Work instruction → Exactly the line with "A serene forest" and the lines that follow it, through the closing line of the entries, should be restated, with nothing left out or added.

Data records →
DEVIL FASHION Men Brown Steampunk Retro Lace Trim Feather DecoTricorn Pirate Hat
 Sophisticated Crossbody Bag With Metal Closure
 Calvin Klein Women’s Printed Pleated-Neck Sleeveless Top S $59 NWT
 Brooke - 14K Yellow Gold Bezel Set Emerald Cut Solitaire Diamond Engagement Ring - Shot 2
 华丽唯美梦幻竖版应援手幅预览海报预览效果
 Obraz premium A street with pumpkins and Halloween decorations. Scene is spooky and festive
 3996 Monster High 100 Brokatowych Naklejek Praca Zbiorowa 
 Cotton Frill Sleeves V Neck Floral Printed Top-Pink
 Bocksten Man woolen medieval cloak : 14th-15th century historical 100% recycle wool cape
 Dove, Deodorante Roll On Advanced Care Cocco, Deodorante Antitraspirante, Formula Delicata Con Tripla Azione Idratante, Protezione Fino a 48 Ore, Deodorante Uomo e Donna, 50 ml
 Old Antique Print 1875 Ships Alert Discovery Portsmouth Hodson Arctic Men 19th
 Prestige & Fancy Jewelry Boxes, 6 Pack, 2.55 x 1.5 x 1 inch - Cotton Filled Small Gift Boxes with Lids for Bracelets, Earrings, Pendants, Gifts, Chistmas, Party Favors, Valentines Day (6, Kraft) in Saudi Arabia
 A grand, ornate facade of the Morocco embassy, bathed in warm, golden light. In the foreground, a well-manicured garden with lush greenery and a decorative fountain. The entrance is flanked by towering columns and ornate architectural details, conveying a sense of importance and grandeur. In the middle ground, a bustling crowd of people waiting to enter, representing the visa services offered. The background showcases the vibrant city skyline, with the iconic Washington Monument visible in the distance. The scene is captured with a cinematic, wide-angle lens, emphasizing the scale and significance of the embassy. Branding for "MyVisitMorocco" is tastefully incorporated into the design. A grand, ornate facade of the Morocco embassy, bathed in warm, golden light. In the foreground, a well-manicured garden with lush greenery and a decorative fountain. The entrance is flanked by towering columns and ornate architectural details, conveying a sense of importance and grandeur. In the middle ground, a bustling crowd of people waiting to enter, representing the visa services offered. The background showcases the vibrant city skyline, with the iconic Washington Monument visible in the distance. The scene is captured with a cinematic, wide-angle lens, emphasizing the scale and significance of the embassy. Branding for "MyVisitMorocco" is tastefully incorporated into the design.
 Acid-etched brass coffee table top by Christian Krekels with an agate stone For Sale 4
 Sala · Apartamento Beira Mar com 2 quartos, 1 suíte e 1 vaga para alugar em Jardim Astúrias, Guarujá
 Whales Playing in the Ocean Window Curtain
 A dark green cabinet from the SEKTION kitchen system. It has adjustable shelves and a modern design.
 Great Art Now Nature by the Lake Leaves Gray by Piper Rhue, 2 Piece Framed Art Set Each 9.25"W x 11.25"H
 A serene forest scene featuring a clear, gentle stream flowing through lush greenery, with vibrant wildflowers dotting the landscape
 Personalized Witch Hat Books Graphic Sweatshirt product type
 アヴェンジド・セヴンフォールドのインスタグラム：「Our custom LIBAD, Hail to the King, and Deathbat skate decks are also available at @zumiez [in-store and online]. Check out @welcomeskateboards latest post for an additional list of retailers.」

Solution below →
 A serene forest scene featuring a clear, gentle stream flowing through lush greenery, with vibrant wildflowers dotting the landscape
 Personalized Witch Hat Books Graphic Sweatshirt product type
 アヴェンジド・セヴンフォールドのインスタグラム：「Our custom LIBAD, Hail to the King, and Deathbat skate decks are also available at @zumiez [in-store and online]. Check out @welcomeskateboards latest post for an additional list of retailers.」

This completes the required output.